Showing posts with label jenny gee. Show all posts
Showing posts with label jenny gee. Show all posts

Monday, 22 September 2008

Interfering Interface

It seems that Squarepeg's greenwash and marketing consultants, Interface, fronted by Jenny Gee, didn't like their products being given free publicity on this blog yesterday.

My last blog post revealed the type of marketing products more commonly produced by Interface, who've recently been putting on a very plausible green face for the purposes of selling the idea of building houses along the embankment of the Railway Path at Greenbank.

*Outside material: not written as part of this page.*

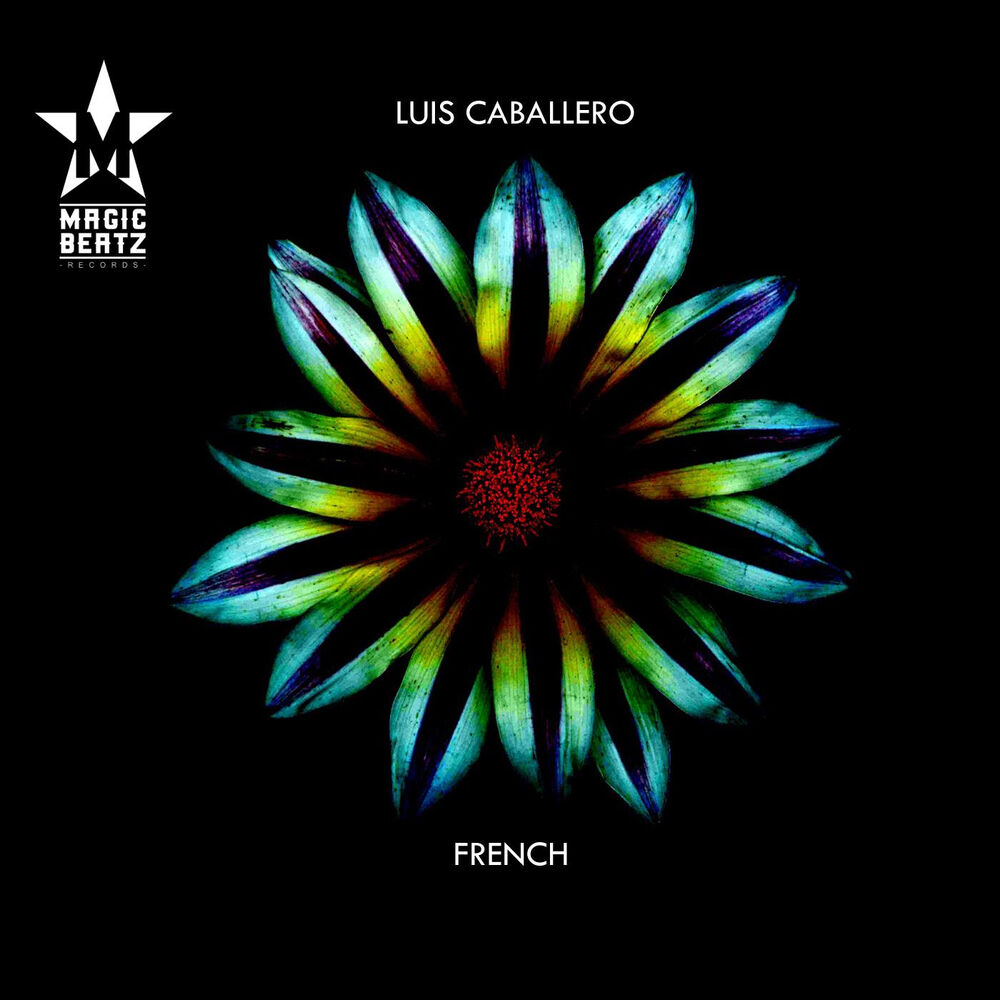 Picture of French EP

My blog post included several links to images on web pages included in the Portfolio section of Interface's website. But this evening I find that all the links have been cut by Interface, presumably in a fit of pique. It seems they'd rather you didn't know that their run of the mill products are glossy brochures, junk mail and excess packaging of the sort that we all so roundly despise.

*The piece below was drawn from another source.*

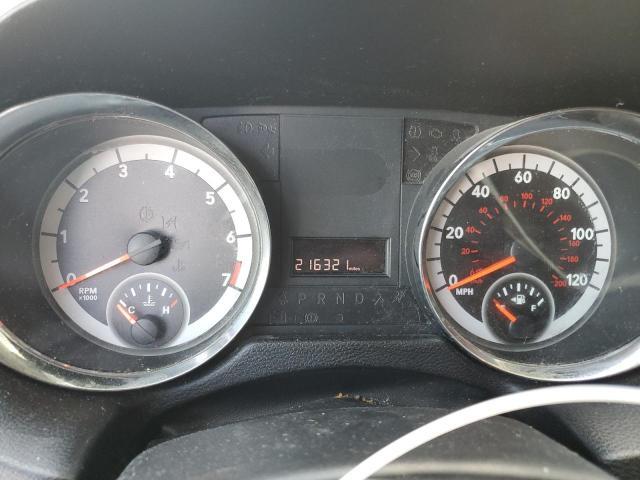 2012 Dodge Grand Caravan SE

So let the web wars commence. My retaliation is to copy these images to an independent site where, hopefully, they won't be able to get their coffee stained little fingers on them. So once again you can feast your eyes on the products of the creativity of Interface. I can't imagine what they were so ashamed of, can you?




Of course declaring web war on a company that claims to specialise in software development might seem rather rash, but if their software competence is anything like their PR competence then I reckon I'm on safe ground.

Sunday, 21 September 2008

The two faces of Interface

Followers of this blog will be all too familiar with Squarepeg's plans for the Chocolate Factory in Greenbank and of course their urban and alternative looking website. The firm behind the website and other promotional material like the newsletters (printed on recycled paper, naturally) is Interface, also known somewhat cringingly as "The Gee Factor" after boss Jenny Gee.

(Picture link deleted by Interface)

I have to say that Interface have done a good job promoting Squarepeg as a benign developer and the Chocolate Factory scheme as the best thing to come to Greenbank since, well, the Railway Path in 1985 I suppose. No mean achievement to have persuaded a bunch of Easton radicals and environmentalists to keep stum over plans to destroy a substantial section of the green corridor of the Railway Path just months after the same people were literally taking to the streets in protest at an earlier scheme to do the same thing.

(Picture link deleted by Interface)

Interface's website is strangely difficult to find, considering that they specialise in "design, marketing and software development" but persistence payed off and then another facet of Interface's activities was revealed. It seems that their more usual product is those piles of glossy brochures, junk mail and surplus packaging (all links deleted by Interface) that help fill our recycling boxes.

It seems that in the world of Interface, whether it's whitewash or greenwash, business is business.